LLaMPPL performs two kinds of caching to improve performance. The caching behavior is dependent on the backend you are using with your CachedCausalLM.

Log probability caching

With the huggingface backend, next-token log probabilities are always cached, whenever they are computed. This way, if different particles make exactly the same log probability queries, the Transformer is run only once. This is primarily beneficial when:

particles are cloned during resampling
cloned particles happen to sample the same next token: if the next-token distribution is concentrated, it is likely that multiple copies of a particle will sample the same next token. Log probability caching allows them to sample the following token using only a single call to the language model.

The log probability cache can be cleared using the lm.clear_cache() method. Note that for the huggingface backend, this method will also clear the KV cache.

With the vllm backend, the log probability cache can be turned on by passing in a cache_size parameter to the CachedCausalLM.from_pretrained method; for example, CachedCausalLM.from_pretrained("meta-llama/Llama-3.1-8B-Instruct", cache_size=100). By default, cache_size is set to 0, which means that the log probability cache is disabled.

Key-value caching

Key-value caching caches the key and value vectors computed by each layer of a Transformer, for reuse when processing new tokens at the end of a previously evaluated sequence.

In principle, key-value caching is most useful when:

There is a long common prompt from which all particles are generating. In this case, the prompt's tokens can be evaluated just once by the language model, and each subsequent call only has to pay for the new tokens generated after the prompt.
Generations from the model are very long. In this case, it may be worth paying the memory cost to cache different key-value sequences for each particle, to speed up future next-token queries.

When using the vllm backend, both types of caching are handled automatically.

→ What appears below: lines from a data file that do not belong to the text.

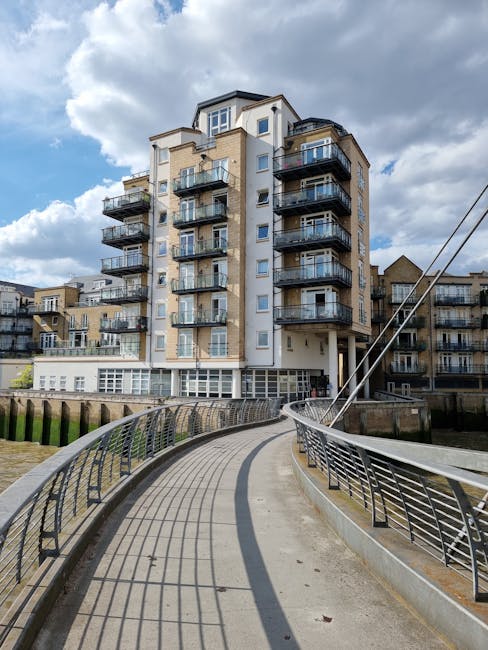 A view of Hammersmith Bridge spanning the River Thames under a cloudy sky, with modern residential buildings along the riverside. The bridge features white-painted suspension cables and towers, partia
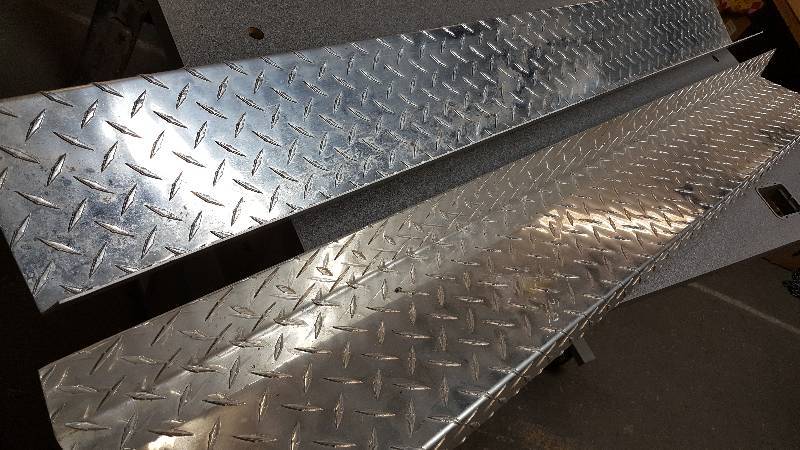 lot 6114 image: New universal aluminum diamond tread running boards.  58 long and 6 deep not brackets included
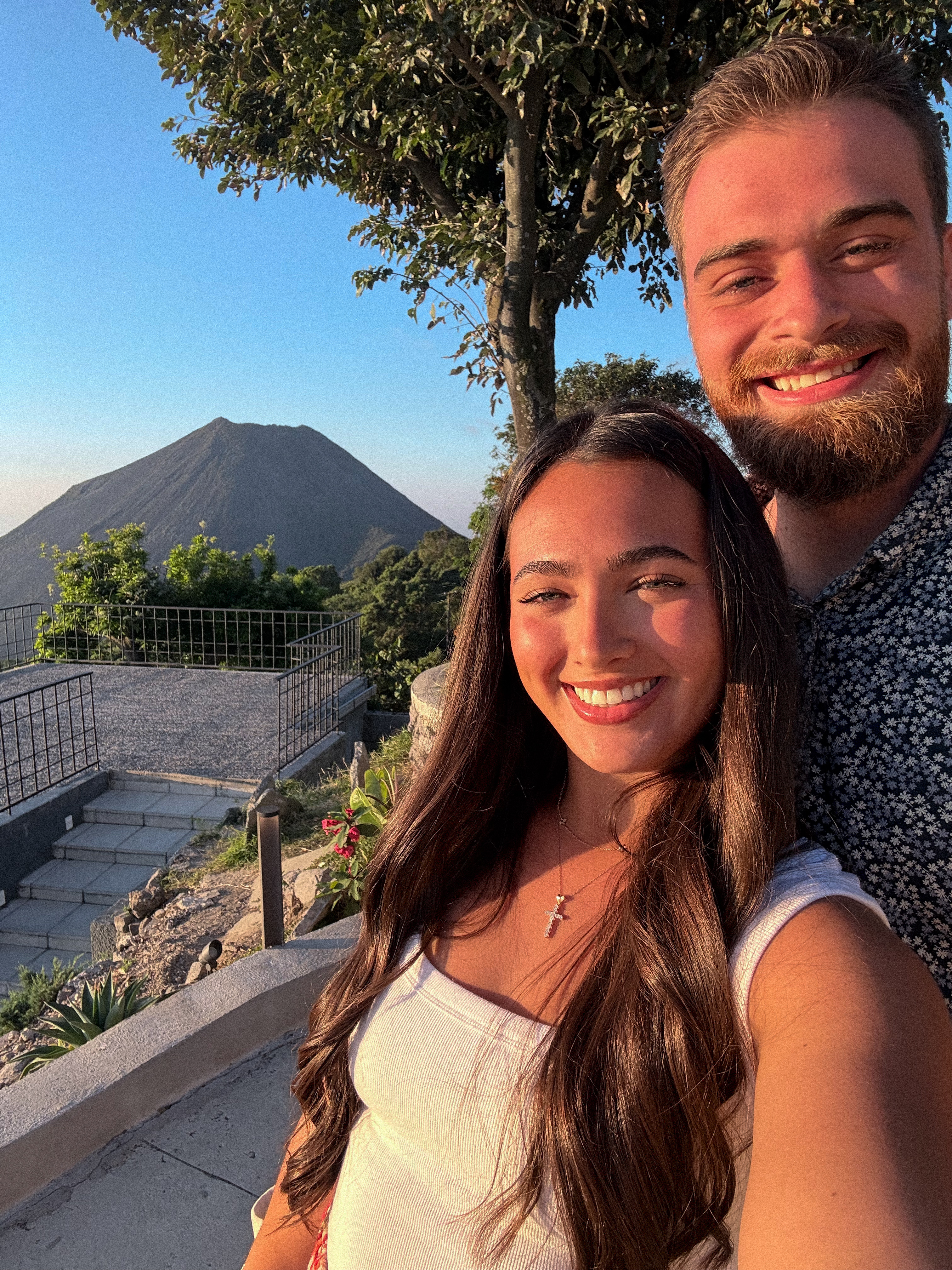 Evan and Corrina smiling together in a selfie with a volcano and golden sunset behind them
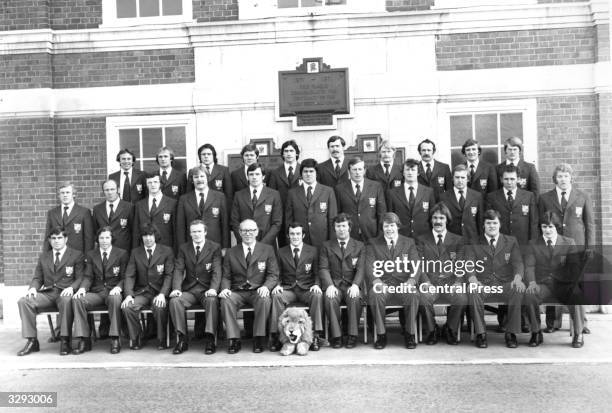 The British Lions rugby union team pose for a team photograph. Across the back row from left to right are: H E Rees, P J Squires, D B Williams, B H...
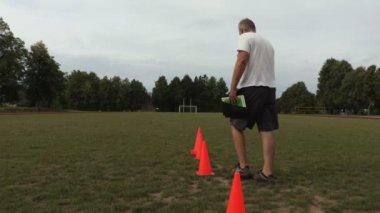 Koç kırmızı koniler futbol sahasında yerleştirir.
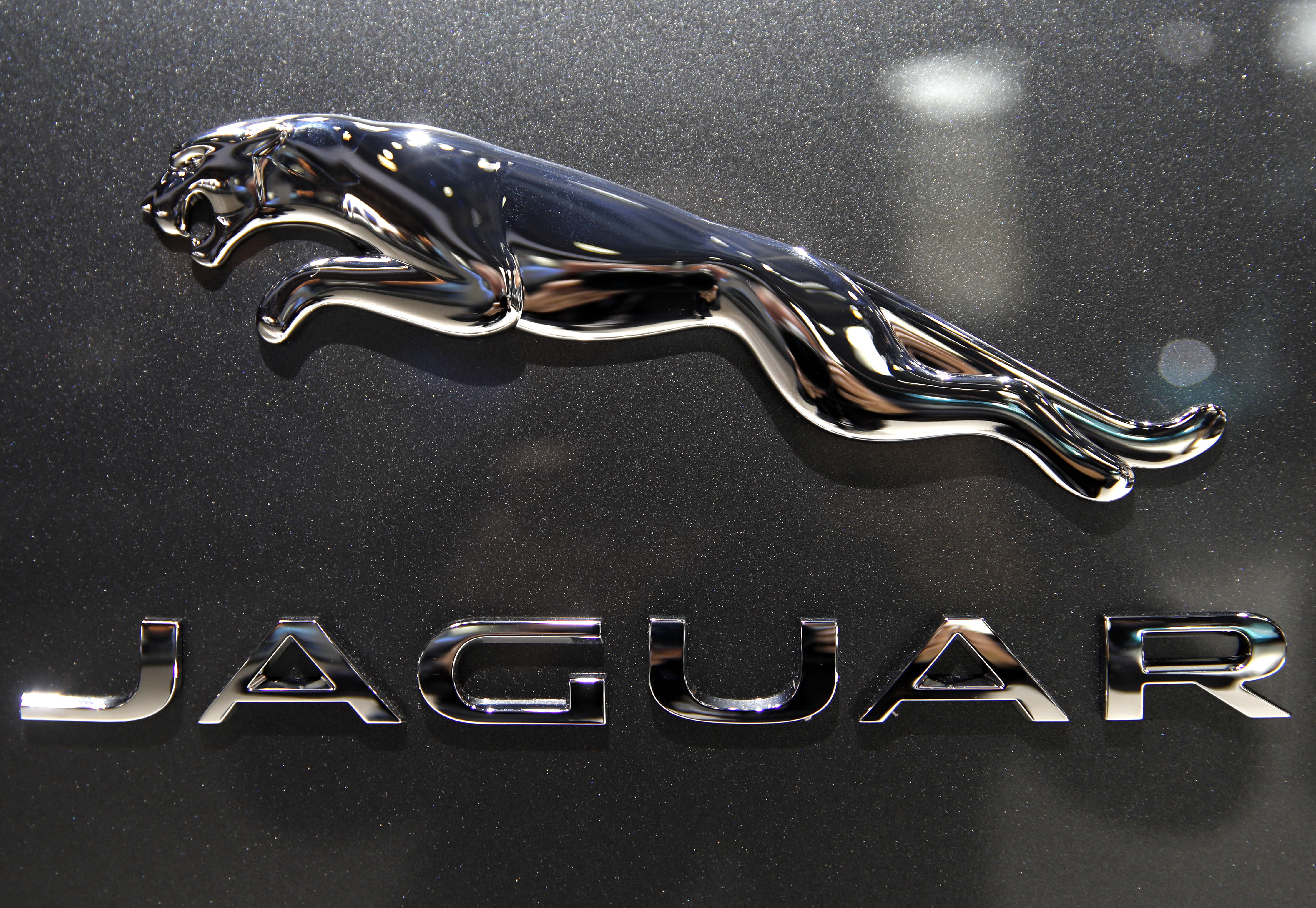 FILE - The logo of Jaguar ca is pictured at the Auto show in Paris, France, Wednesday, Oct. 3, 2018, 2018. (AP Photo/Christophe Ena, File)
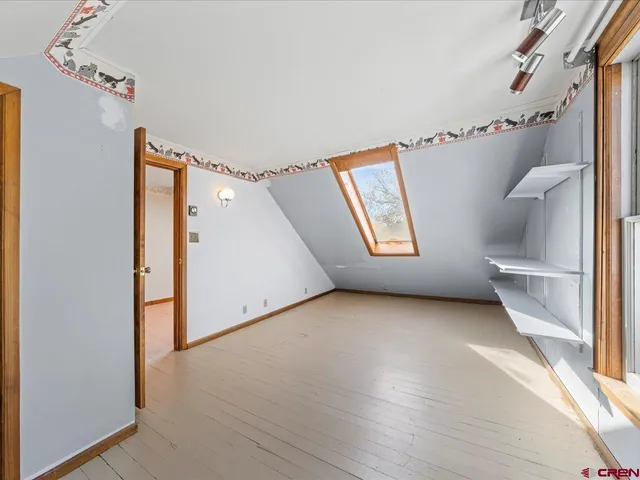 a view of an empty room with wooden walls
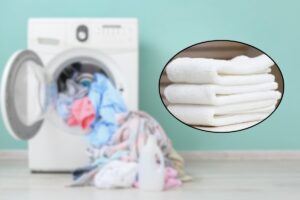 Asciugamani bianche e lavatrice nello sfondo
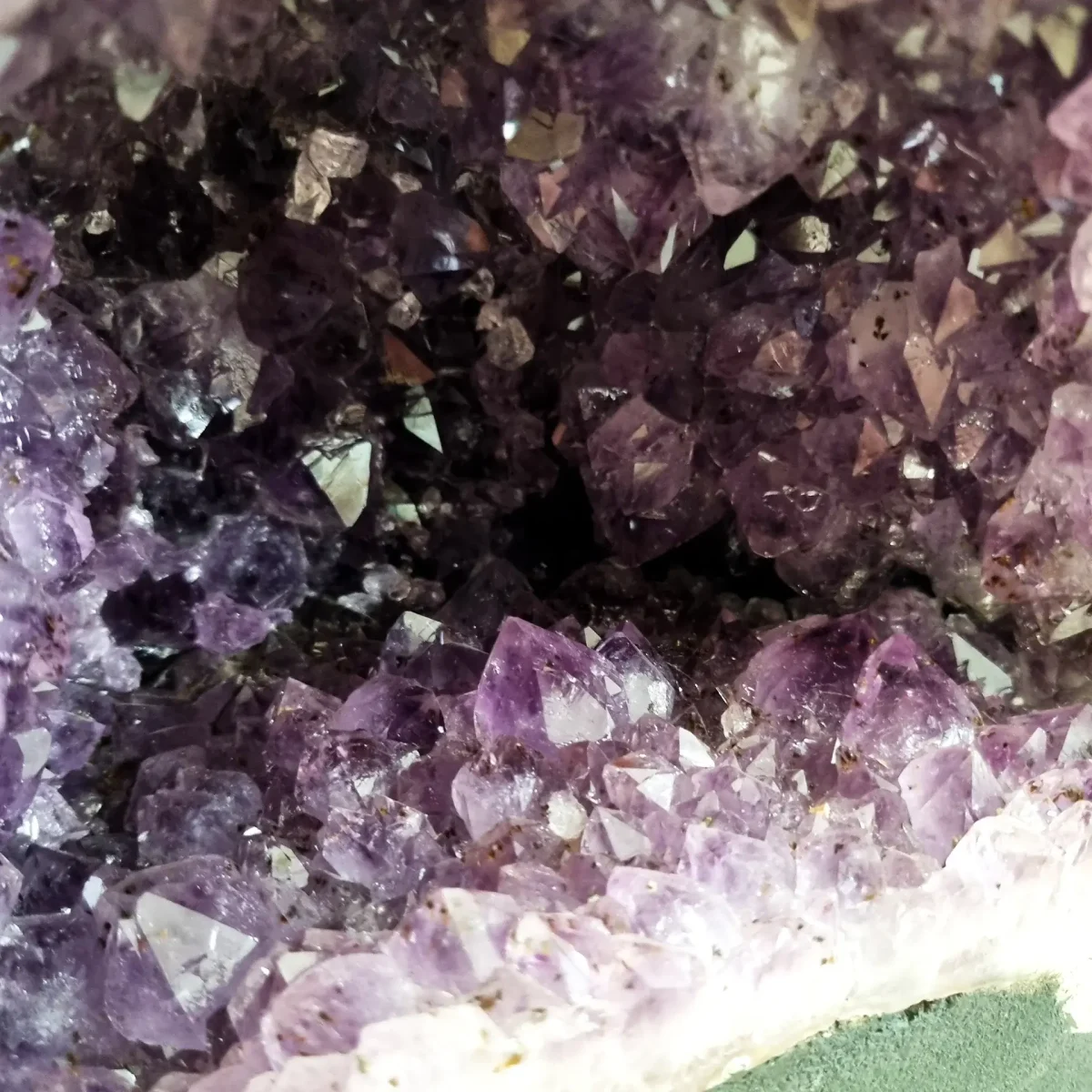 Bližnji posnetek ametistovih kristalov razkriva njihovo naravno geometrijo, sijočo prosojnost in globok, žareč sijaj.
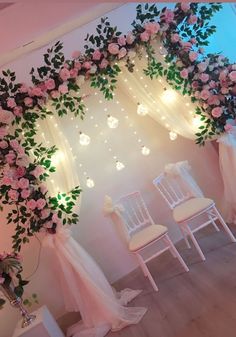 a room decorated with white chairs and pink flowers on the wall, lights in the background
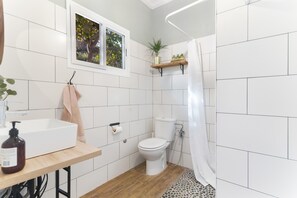 A bathroom with white tiles, a wooden vanity, a toilet, a shower curtain, and a window with a view of trees.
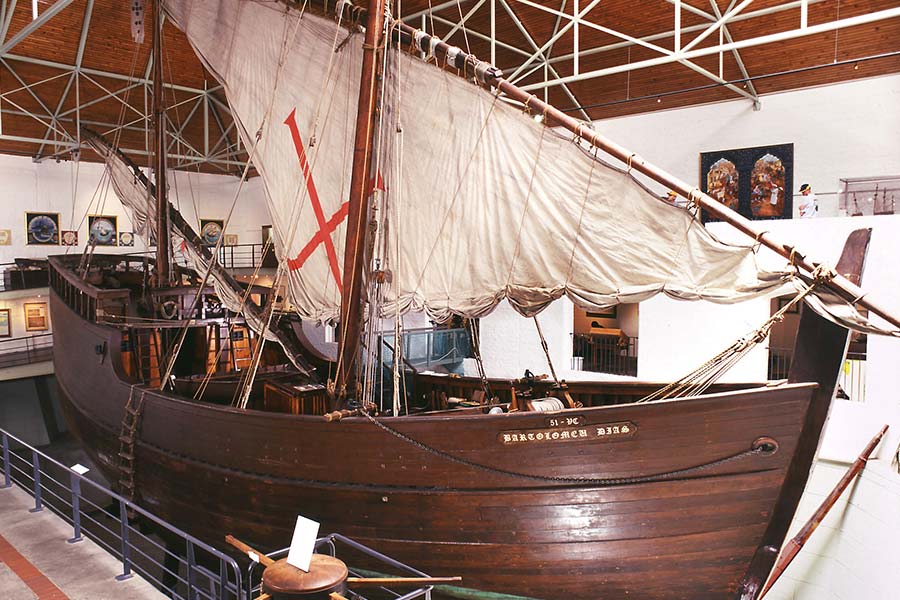 A large wooden replica of a historic sailing ship with a single sail marked by a red cross, displayed indoors at a museum with railings and art on the walls. @De Bakke Santos Mossel Bay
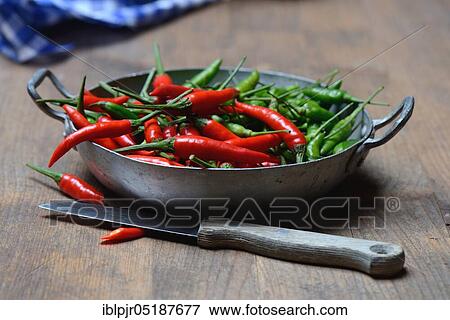 Stock Photo - Peppers ( Capsicum frutescens), Chillies, Chillies, Chillies, Chilli pepper, Chilli, Cayenne, Cayenne pepper, Piri-Piri, Tabasco, Peperoncini. Fotosearch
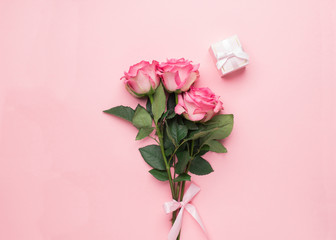 A bouquet of fresh roses and a gift on a pink background. Flat layout. Copy space. Minimalism.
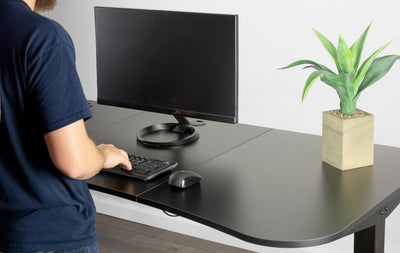 Mad standing at a desk working on a modern desktop.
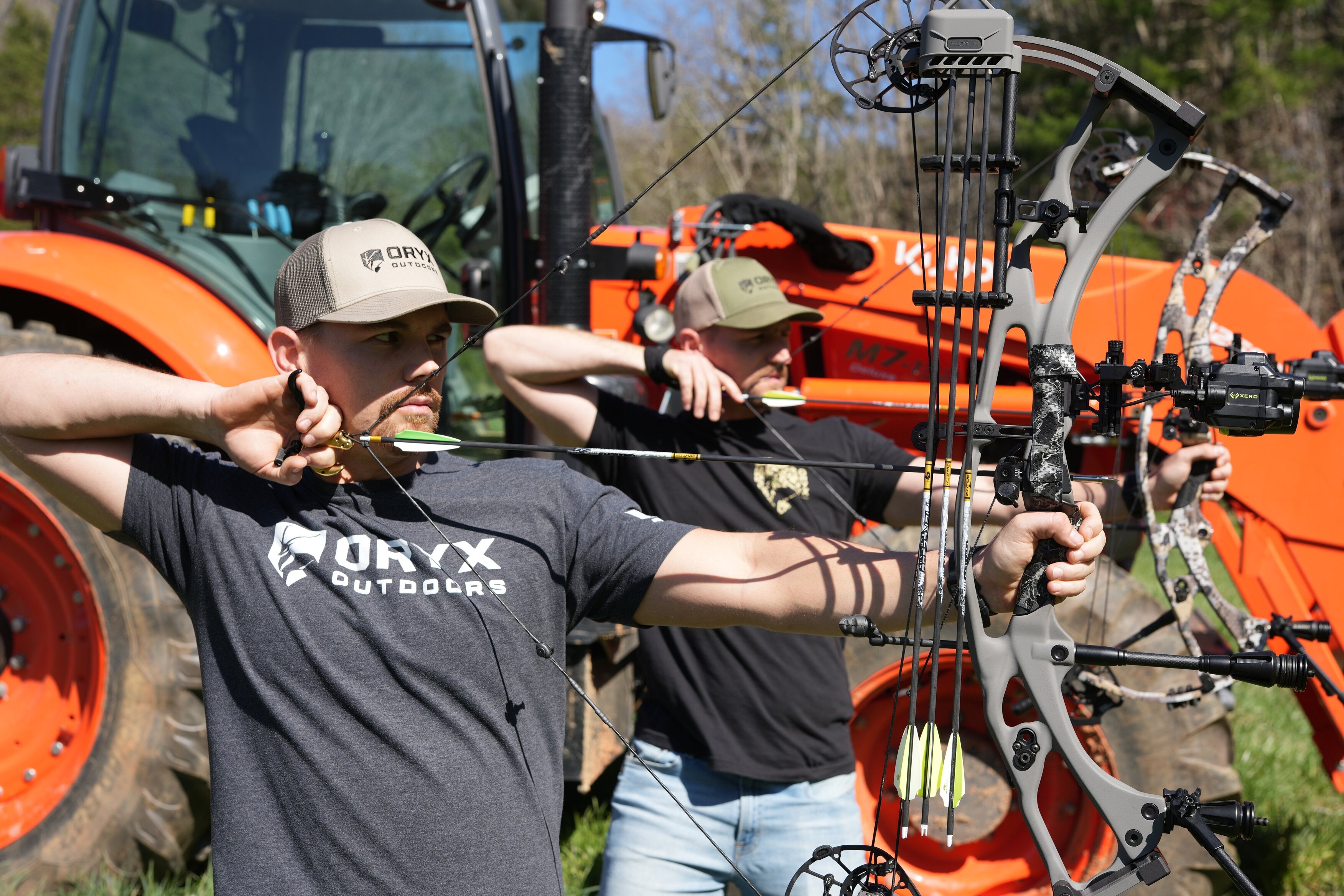 Image of two outdoorsmen with hunting bows aiming at an unseen target while standing beside a large orange tractor.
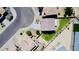 Aerial view showcases a backyard with lush green lawn, brick-paved patio, privacy fence, and landscaping at 7312 S 13Th Way, Phoenix, AZ 85042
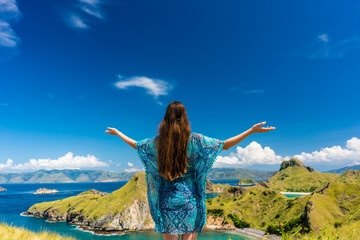 Rear view of a happy tourist enjoying the breeze while standing with outstretched arms outdoors during summer vacation in Padar Island, Indonesia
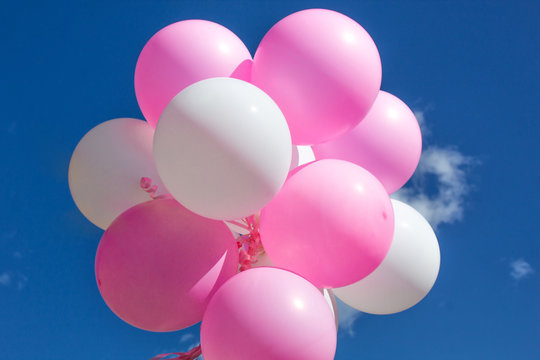 Balloons, pink and white on a background of blue sky with clouds.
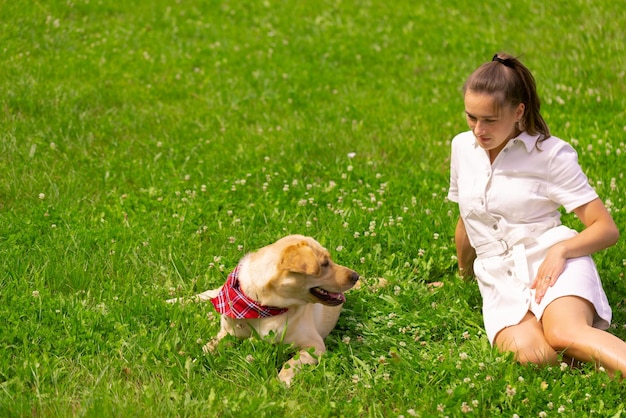 Jonge vrouw met haar schattige gele labrador buiten Mooi liefdesconcept voor gezelschapsdieren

With the huggingface backend, only the first use case is well-supported by the LLaMPPL library, via the lm.cache_kv(prompt) method. This method computes and caches key and value vectors for every token in prompt. Future calls to lm.next_token_logprobs and lm.next_token_logprobs_unbatched will automatically recognize when prompt is a prefix of the new query, and automatically exploit incremental computation. Multiple prompts can be cached, and lm.clear_kv_cache() can be used to clear the KV-cache without clearing the log probability cache.

Because lm.cache_kv is not a batched call, it is not well-suited to caching different strings for different particles. Rather, it is best used in the __init__ method of a model--or even outside of a model--on fixed prompt strings that every particle will share.